Japan Times
READERS IN COUNCIL
March 22, 2000
In response to Chris Whitney’s March 15 letter, “Humility would go a long way,” I would like to make it clear that I have never said that Iris Chang’s book, “The Rape of Nanking,” is the “work of a rightwing loony.” If Whitney had been paying close attention to my March 1 letter, “West has yet to apologize,” he would note that the rightwing loonies to whom I referred were those whom Gregory Clark, in his February 7 article, “The Nanjing number game,” was venting his understandable wrath on.
Furthermore, I have never said that the West needs to apologize to Japan for African slavery. For that matter, I have never demanded that the West should apologize (which it probably never will anyway) for the past acts of butchery and enslavement it unleashed upon other nations and peoples. Rather, I have stated that Britain and the United States have not apologized for past imperial acts of aggression and atrocities, and that if Clark was in such a crusading mood for justice, he should vent his indignation on the mainstream elements of British and American society as well as on the lunatic fringe of Japan.

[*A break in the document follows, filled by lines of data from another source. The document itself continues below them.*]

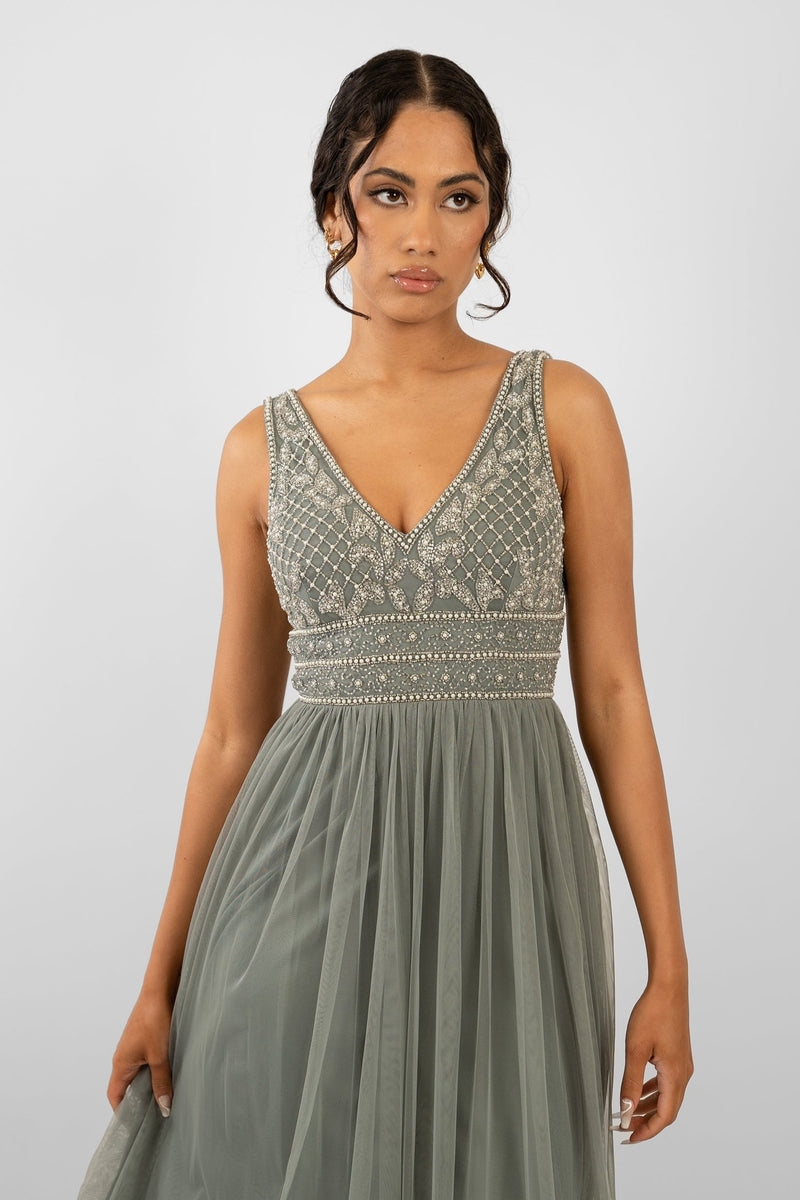 Kreshma Teal Embellished Maxi Dress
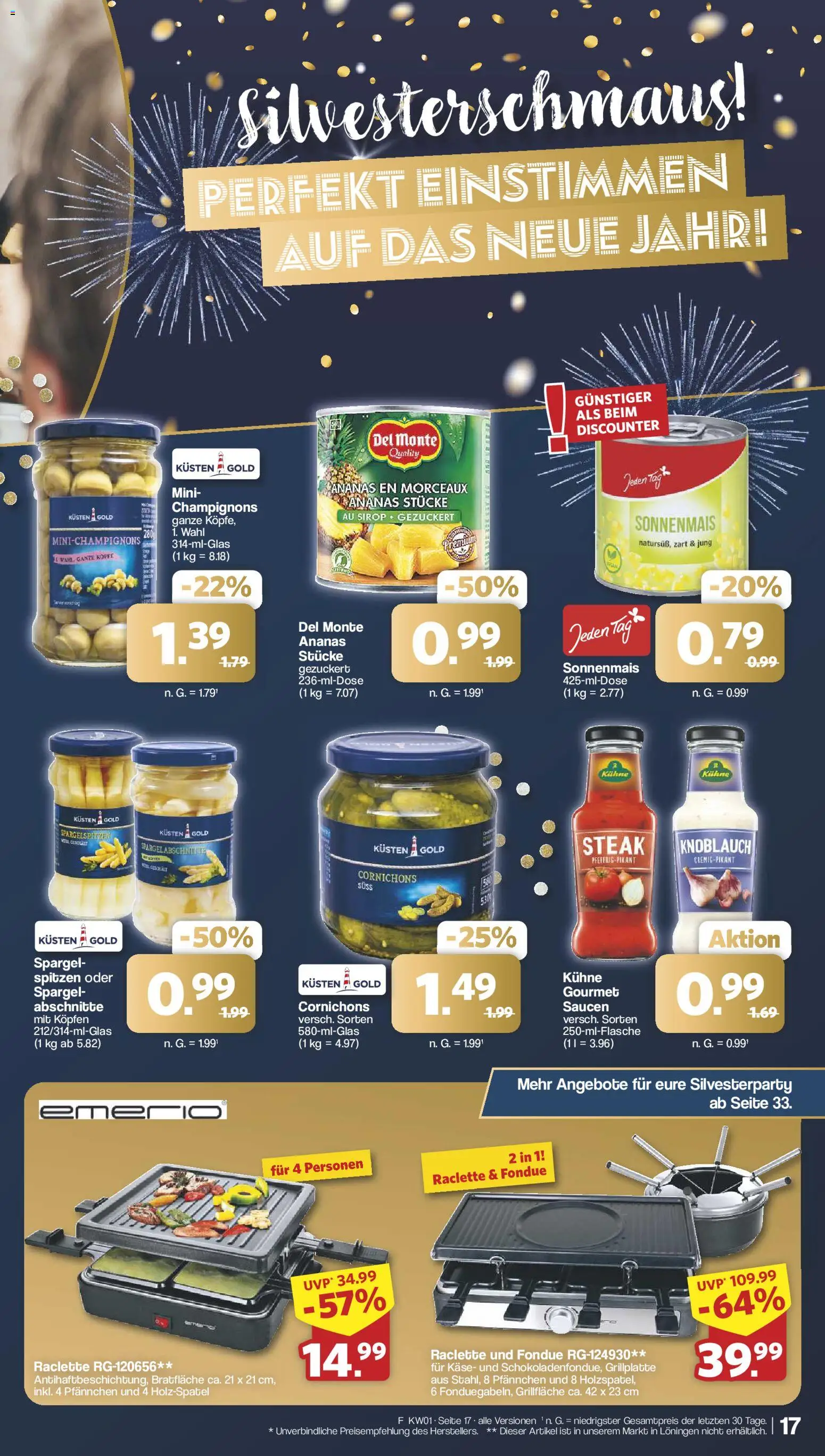 Famila Nordwest Prospekt 	 – gültig ab 29.12.2025 | Seite: 17 | Produkte: Ananas, Spargel, Raclette, Fondue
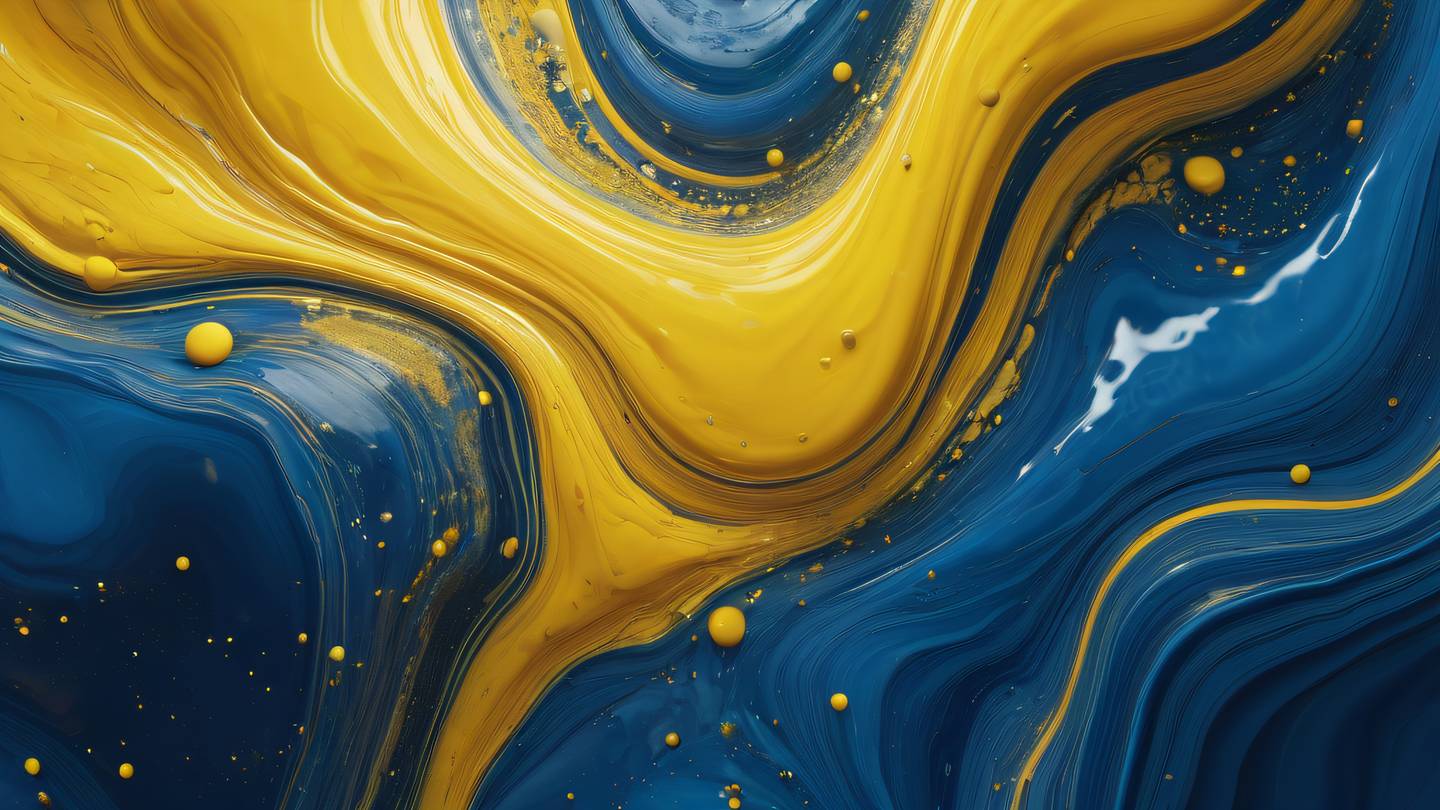 Abstract fluid art featuring geometric shapes floating in space dominated by sunshine yellow and sapphire blue tones sharp edges meeting smooth curves high-quality ultra-realistic cinematic 8K UHD high resolution sharp and detail shot from above looking down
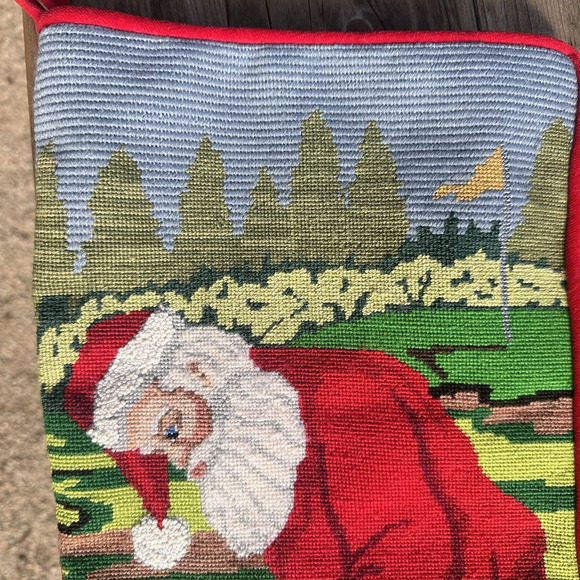 Needlepoint Liz Goodrick Dillon Christmas Stocking Santa Golfer "MARK" COMPLETED - Picture 3 of 13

Whitney should be aware that I found it perplexing that Clark had become preoccupied with the lunatic-fringe elements of Japanese society. Clark goes to the extent of saying, “While Germany today apologizes, Japan prevaricates.” This is simply not true. There are many educated Japanese who are aware of past aggressions that Imperial Japan committed and are cognizant of the burdens of history that the Japanese people will have to bear. Japan has officially apologized for its past aggressive actions, as can be seen from the statements of apology made by recent prime ministers such as Hosokawa Morihiro, Murayama Tomichi, and Hashimoto Ryutaro. In 1998, Prime Minister Obuchi Keizo issued a written apology for Japan’s 35-year colonization of Korea. Last September, a Tokyo district court issued a statement acknowledging the responsibility of Imperial Japan for perpetrating the Nanjing Massacre. Whitney should note that Clark did not bother to mention about any of these points at all in his article and gives, in my opinion, a totally lopsided view of Japanese attitudes toward its imperial past.